Diaz's No. 1 piece of advice to would-be online instructors: Don't assume because you're a whiz at technology that you'll make a good teacher. Even highly skilled engineers may not be capable of conveying information to students in a way that educates and engages them. (For tips, see How to earn an A+ in online instruction.) To be successful, Diaz says, "You've got to have fun. You've got to have a passion for this."

And you've got to be a bit of a salesperson to convince students to sign up, says Diaz, who isn't afraid of adopting a bit of a "come on down" persona to get would-be clients pumped up.

Passion for teaching opens new doors

Other techies have found full-time employment in the tech-education industry. Michael Wales, 30, learned his IT skills in the U.S. Air Force, where he was a systems administrator for six years. After that, he worked as a Web developer for government contractors from 2009 to 2014.

Wales says he always had an interest in teaching; he had used blogging and job-related training duties as ways to feed that interest over the years. He found that teaching reinforced his own understanding of a given topic, and it was "a nice, feel-good type job."

So when Udacity, a for-profit online educational site focused on teaching tech skills, approached him in spring 2014 about working on staff, Wales made the leap. He's now a curriculum manager for Udacity, helping to create content for Web development courses. He also taught an Object-Oriented JavaScript course offered through Udacity.

Wales says he likes the startup culture at Udacity, which was founded in 2012, and he says the pay is comparable to what he was making in his prior tech jobs. And while he doesn't rule out taking a conventional IT job down the line -- "I still view myself as a Web developer," he says -- he's happy where he is for now.

Whether full- or part-time, on payroll or freelancing, would-be teachers must prove themselves not only as experts on their course material but as good instructors too. If you're not, word spreads fast. Today's instructors must contend with online ratings and feedback -- whether it's positive or negative, accurate or not.

Weidman, for example, looks at her reviews and says they're mostly positive, but she admits there are also a few poor ones, including posts from people who haven't even taken her classes. "I've always found that there's nothing you can do about it. You can always get some blowback on the Internet," she says.

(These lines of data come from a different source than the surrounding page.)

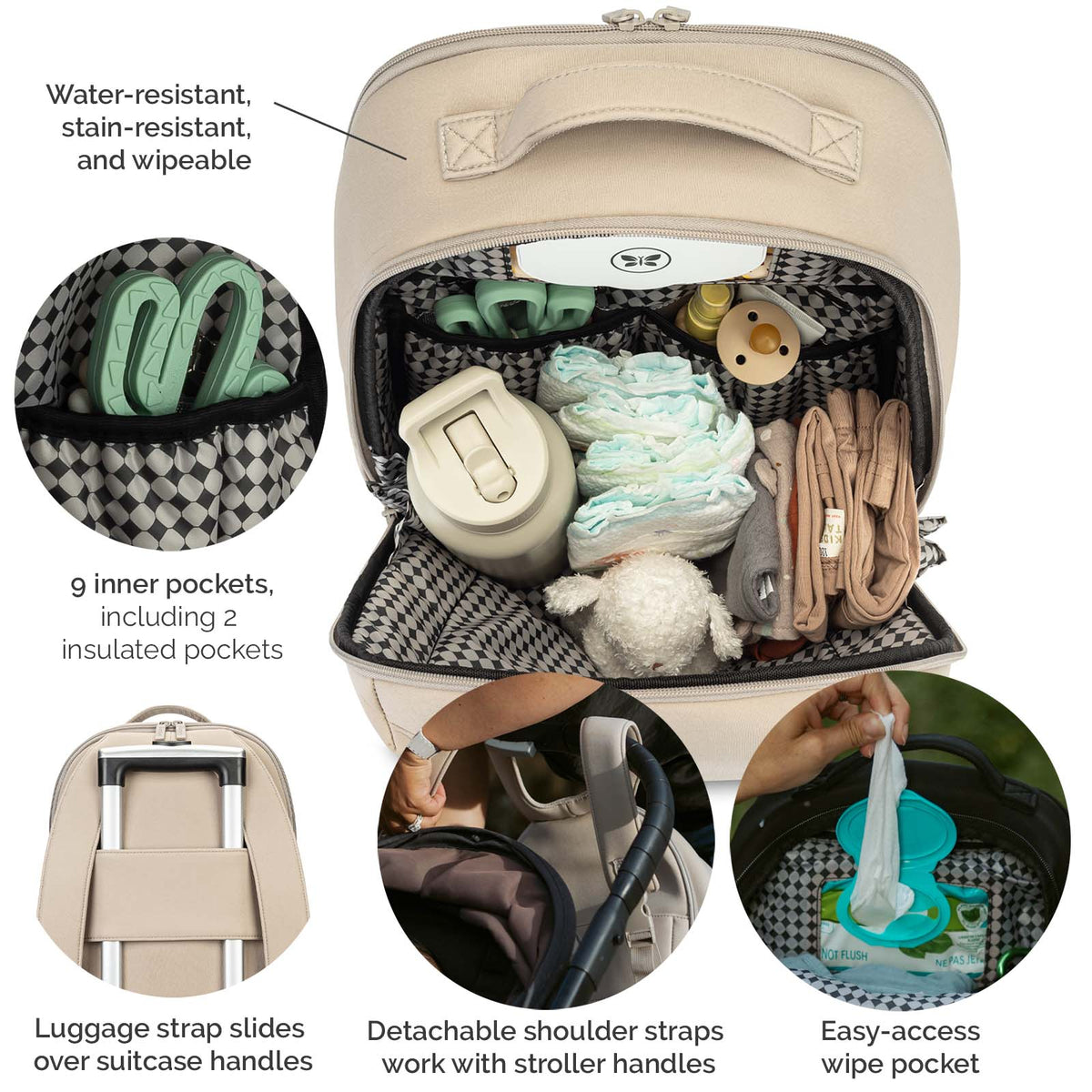 Beige diaper backpack open to show interior pockets and inner wipeable pocket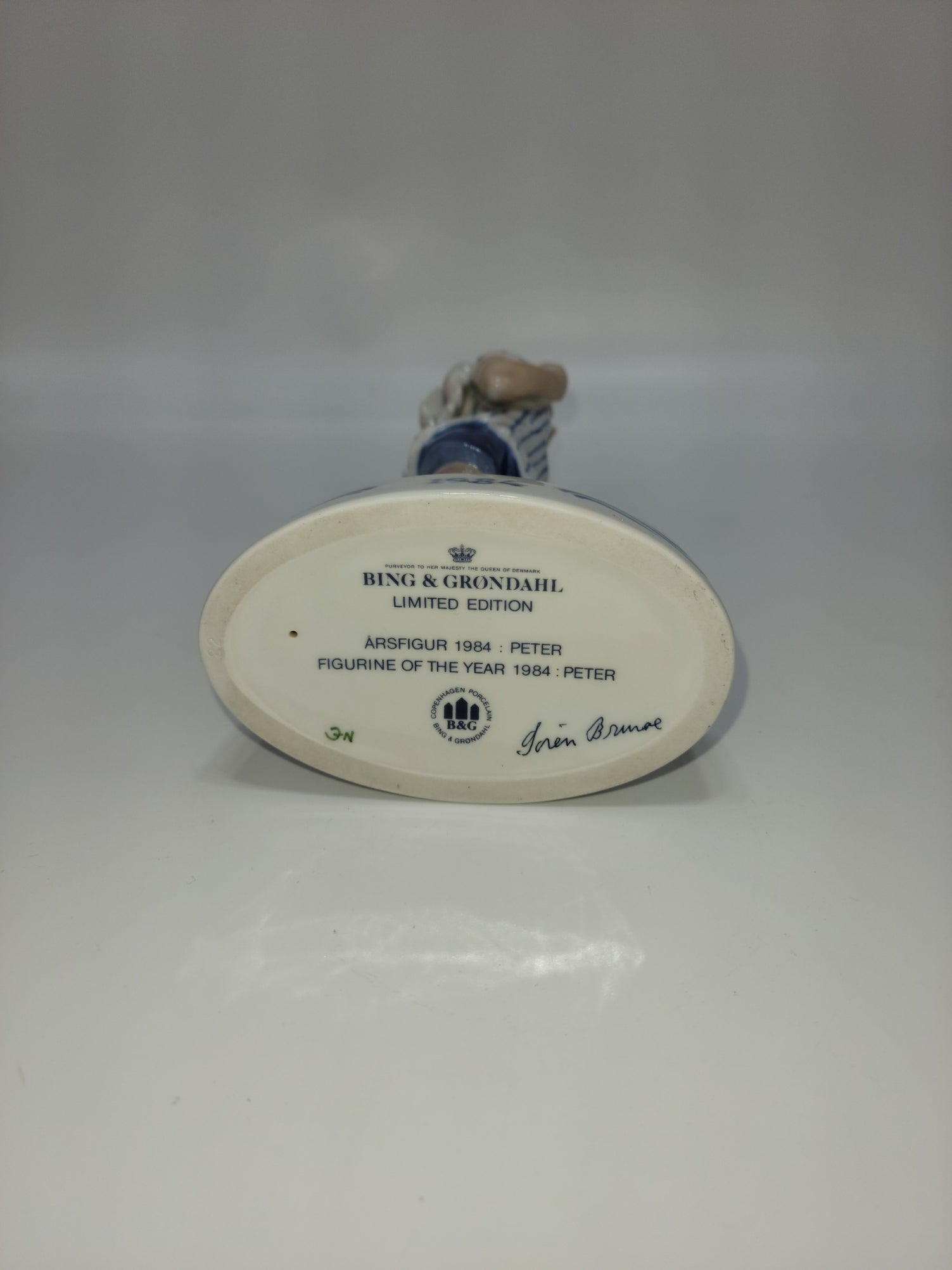 Bing And Grondahl Figurine Of The Year 1984 Peter with Barefeet and Fish by Soren Brunoem - Grannies Garage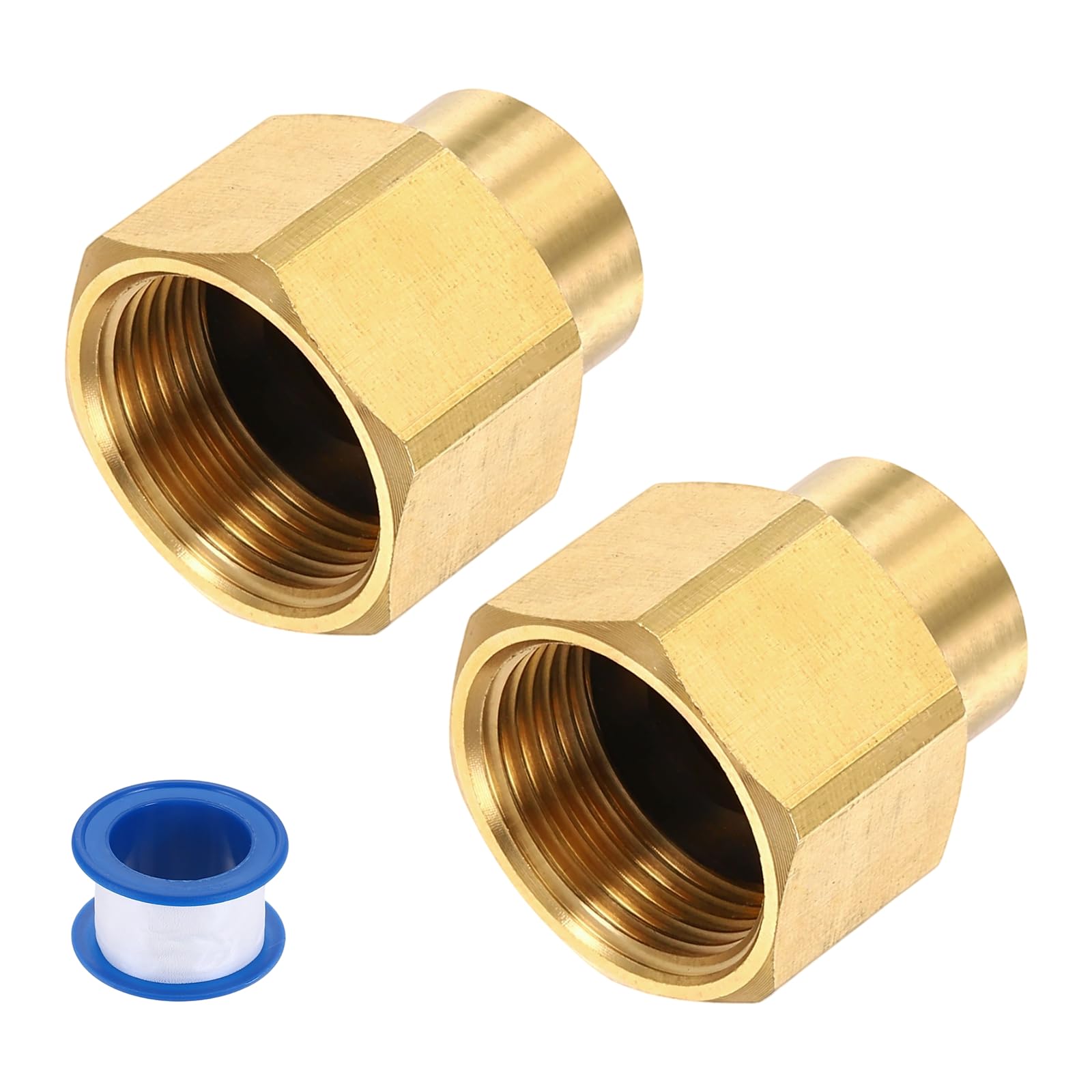 2Pcs Pressure Washer Adapter, M14 Female to M22 Female Quick Connect Fittings Brass Swivel Adapter with Sealant Tape for Pressure Power Washers Hose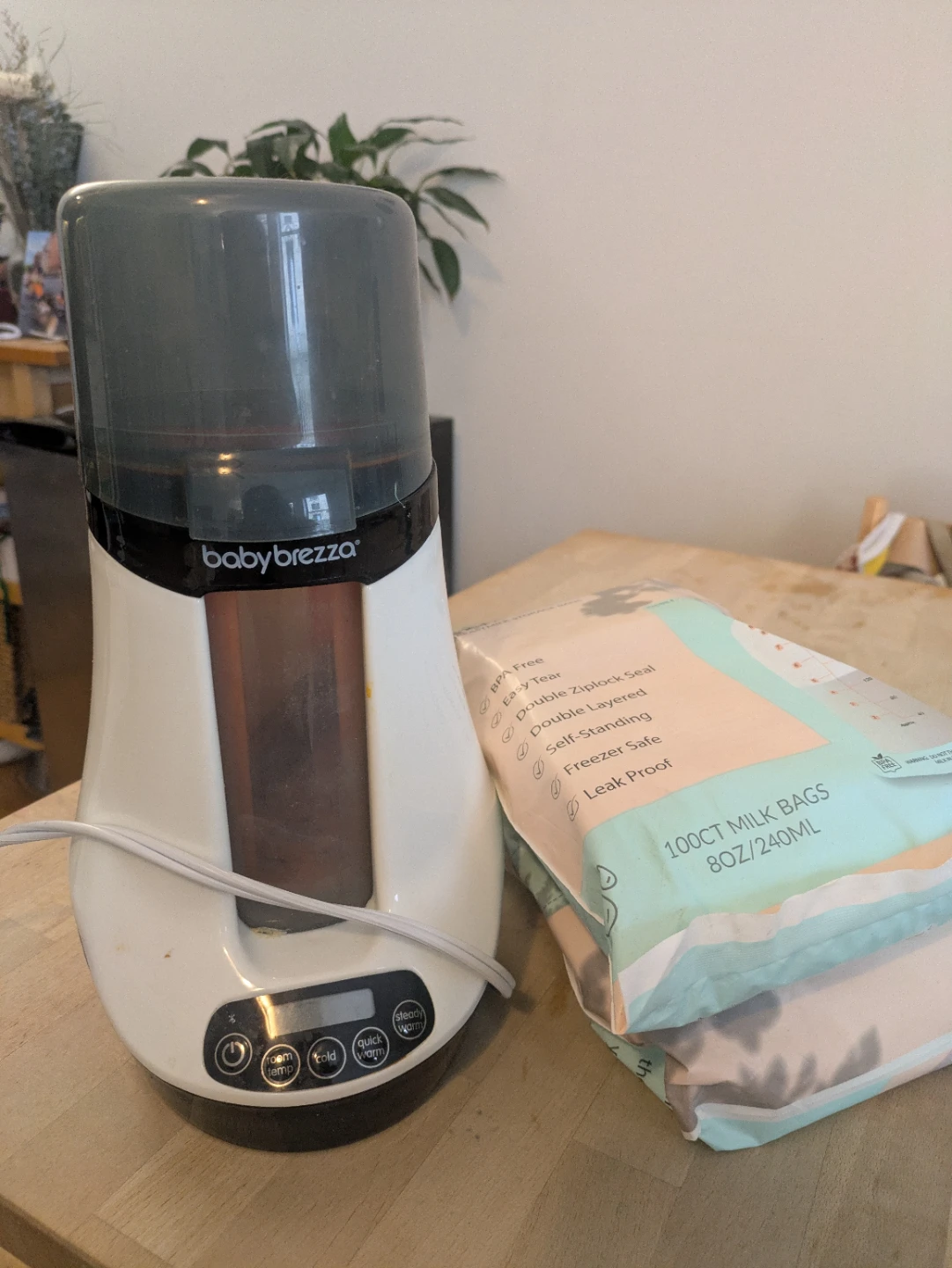 Baby Brezza Bottle Warmer and 100ct Milk Bags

Likewise, Walter admits to seeing mixed reviews about his first course. "Some loved it and said it helped them get off the ground. Some say it was a scam [because] it just walked you through the book," he says. "It's not something I fret about all the time, but I check on it."

For his part, Diaz likes to tackle the problem of negative reviews upfront. As he reminds students on the home page of his website," Our reputation depends on your success."